May 24 (Reuters) – Tina Turner, the American-born singer who left a hardscrabble farming community and abusive relationship to become one of the top recording artists of all time, died on Wednesday at the age of 83.
She died peacefully after a long illness in her home in Küsnacht near Zurich, Switzerland, her representative said.
Turner began her career in the 1950s during the early years of rock and roll and evolved into an MTV phenomenon.
In the video for her chart-topping song “What’s Love Got to Do with It,” in which she called love a “second-hand emotion,” Turner epitomized 1980s style as she strutted through New York City streets with her spiky blond hair, wearing a cropped jean jacket, mini skirt, and stiletto heels.
With her taste for musical experimentation and bluntly-worded ballads, Turner gelled perfectly with a 1980s pop landscape in which music fans valued electronically-produced sounds and scorned hippie-era idealism.
Sometimes nicknamed the “Queen of Rock ‘n’ Roll,” Turner won six of her eight Grammy Awards in the 1980s. The decade saw her land a dozen songs on the Top 40, including “Typical Male,” “The Best,” “Private Dancer” and “Better Be Good to Me.” Her 1988 show in Rio de Janeiro drew 180,000 people, which remains one of the largest concert audiences for any single performer.
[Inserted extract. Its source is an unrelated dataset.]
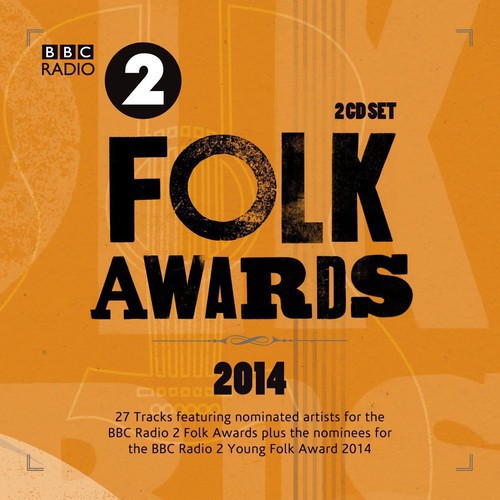 BBC Folk Awards 2014 / Various: BBC Folk Awards 2014 / Various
By then, Turner had been free from her marriage to guitarist Ike Turner for a decade.
The superstar was forthcoming about the abuse she suffered from her former husband during their marital and musical partnership in the 1960s and 1970s. She described bruised eyes, busted lips, a broken jaw and other injuries that repeatedly sent her to the emergency room.
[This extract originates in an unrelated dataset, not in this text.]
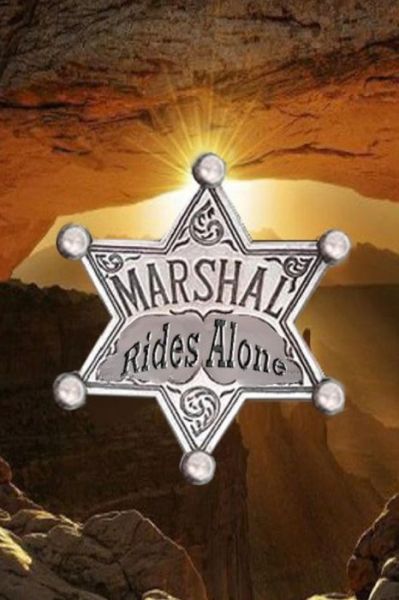 Cover for Gary Skinner · Marshal Rides Alone (Paperback Bog) (2012)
“Tina’s story is not one of victimhood but one of incredible triumph,” singer Janet Jackson wrote about Turner, in a Rolling Stone issue that placed Turner at No. 63 on a list of the top 100 artists of all time.
“She’s transformed herself into an international sensation – an elegant powerhouse,” Jackson said.
In 1985, Turner gave a fictional turn to her reputation as a survivor. She played the ruthless leader of an outpost in a nuclear wasteland, acting opposite Mel Gibson in the third instalment in the Mad Max franchise, “Mad Max Beyond Thunderdome.”